___ Excerpted data ___

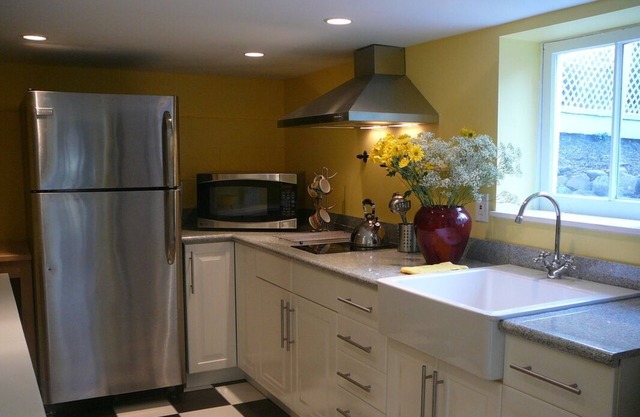 BEAUTIFUL ORINDA! YOUR HOME AWAY FROM HOME GROUND FLOOR FLAT WALK TO BART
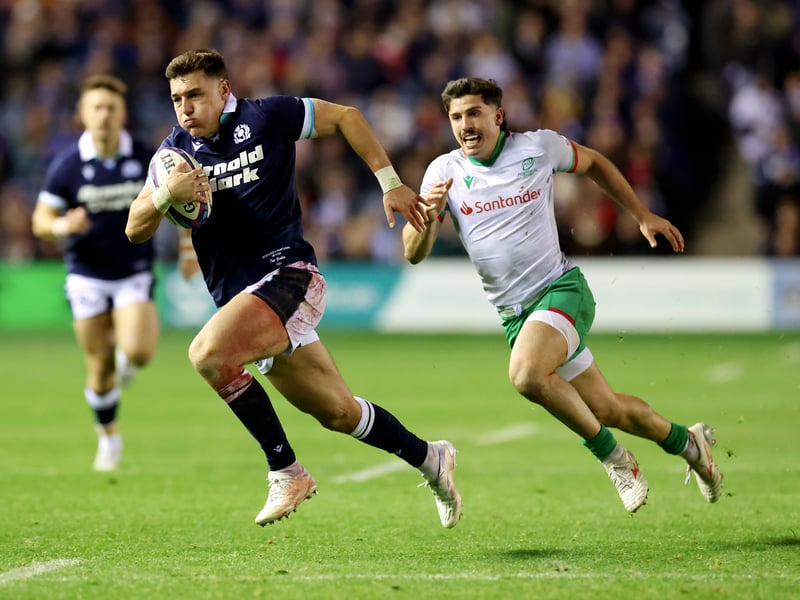 A man of the match performance from the Bristol-bound player who started the game at full-back and finished it at stand-off. Unlucky to have a try chalked off for a forward pass earlier in the move. Composed with the ball and aggressive in the tackle. 8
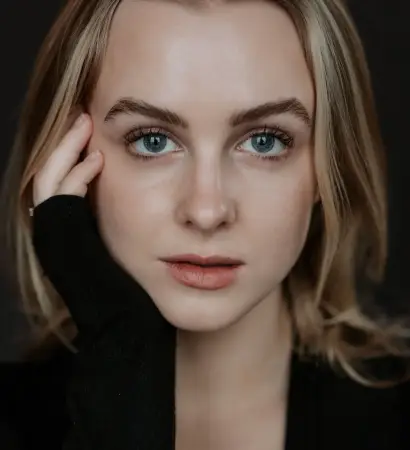 Portret close-up van 19-jarige blonde vrouw met blauwe ogen – studiofotografie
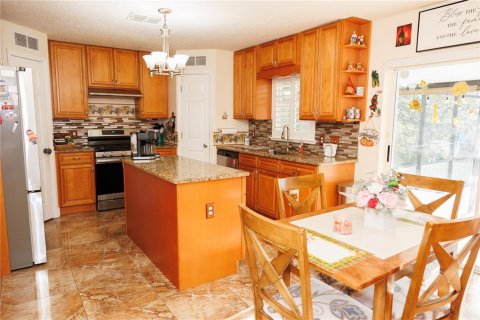 House in Minneola, Florida 4 bedrooms, 215.53 sq.m. № 1905452 - photo 7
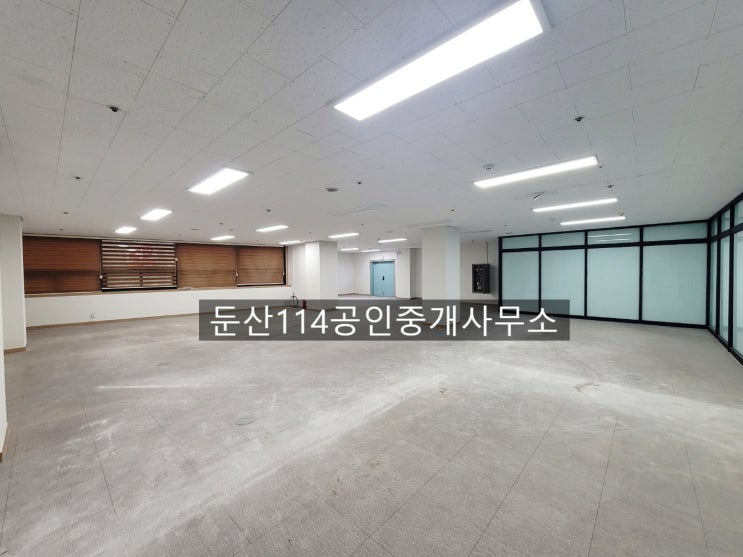  대전 월평동 유동인구 풍부한 항아리상권 2층 대로변 무권리 상가임대 (ft주차편리,분할가능)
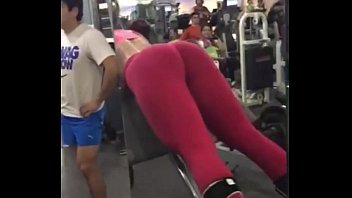 Hermosa mujer en el gym, tremendo orto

___

The listing above must be restated word for word. Its pictures are to be left out.

**Result for this task:**
 BEAUTIFUL ORINDA! YOUR HOME AWAY FROM HOME GROUND FLOOR FLAT WALK TO BART
 A man of the match performance from the Bristol-bound player who started the game at full-back and finished it at stand-off. Unlucky to have a try chalked off for a forward pass earlier in the move. Composed with the ball and aggressive in the tackle. 8
 Portret close-up van 19-jarige blonde vrouw met blauwe ogen – studiofotografie
 House in Minneola, Florida 4 bedrooms, 215.53 sq.m. № 1905452 - photo 7
  대전 월평동 유동인구 풍부한 항아리상권 2층 대로변 무권리 상가임대 (ft주차편리,분할가능)
 Hermosa mujer en el gym, tremendo orto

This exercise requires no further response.